Image-text web data
============================================================
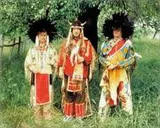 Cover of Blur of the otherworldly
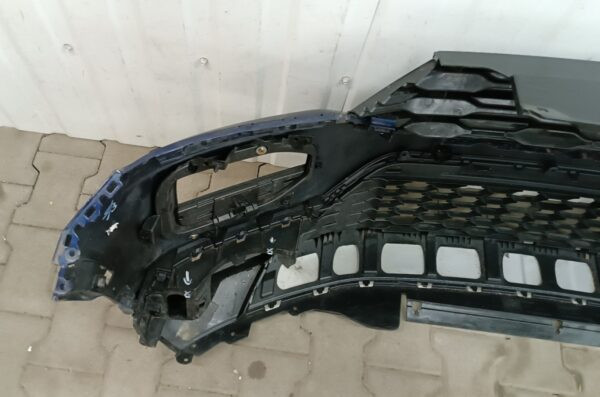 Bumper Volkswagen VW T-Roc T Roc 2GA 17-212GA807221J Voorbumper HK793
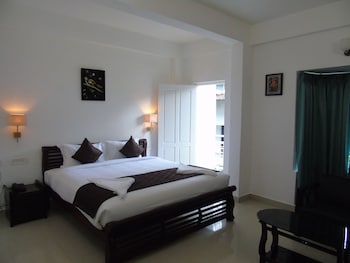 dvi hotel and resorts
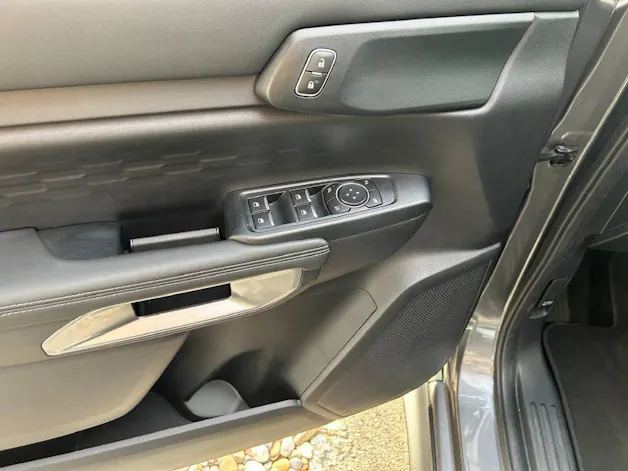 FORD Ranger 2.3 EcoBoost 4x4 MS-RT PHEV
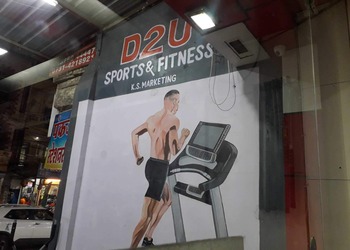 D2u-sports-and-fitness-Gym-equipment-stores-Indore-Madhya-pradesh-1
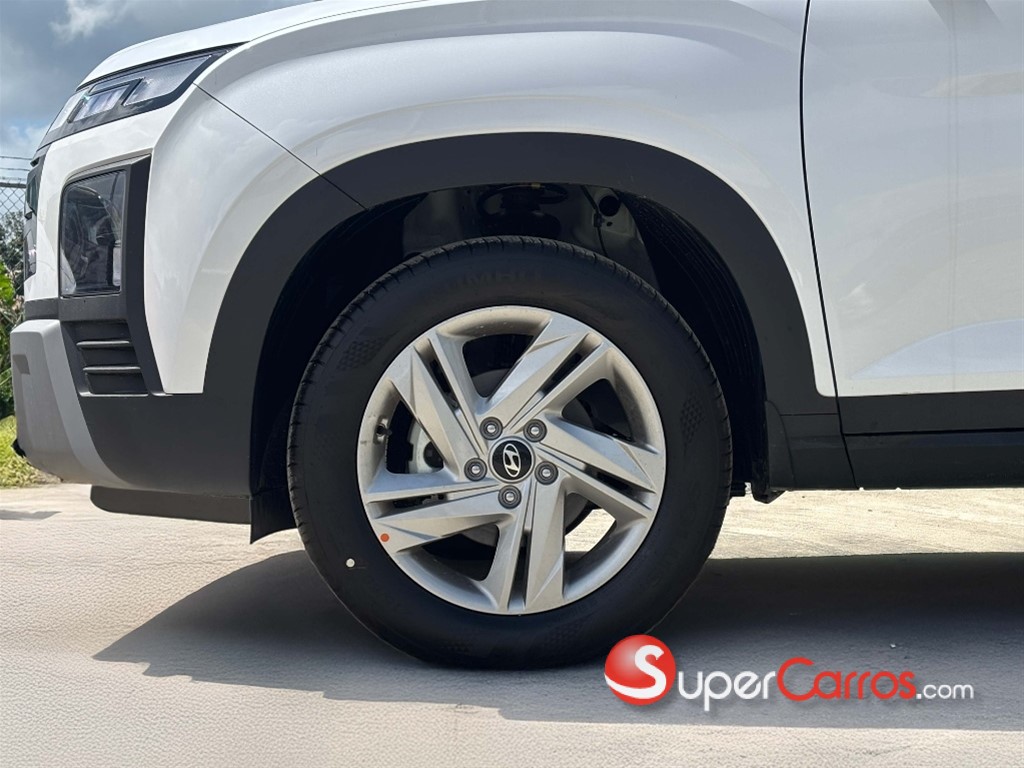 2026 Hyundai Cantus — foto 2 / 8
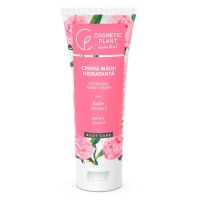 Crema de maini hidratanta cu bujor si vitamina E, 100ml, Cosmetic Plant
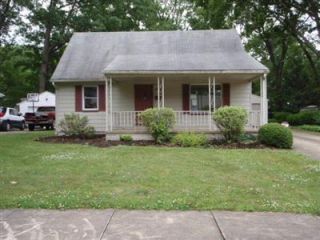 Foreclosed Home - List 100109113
============================================================
◆ WHAT TO WORK ON:
Transcribe exactly the lines from the one containing "2026 Hyundai Cantus — foto 2 / 8" through the last line of the records above, and nothing else. Leave out the pictures.

◆ TASK RESPONSE:
 2026 Hyundai Cantus — foto 2 / 8
 Crema de maini hidratanta cu bujor si vitamina E, 100ml, Cosmetic Plant
 Foreclosed Home - List 100109113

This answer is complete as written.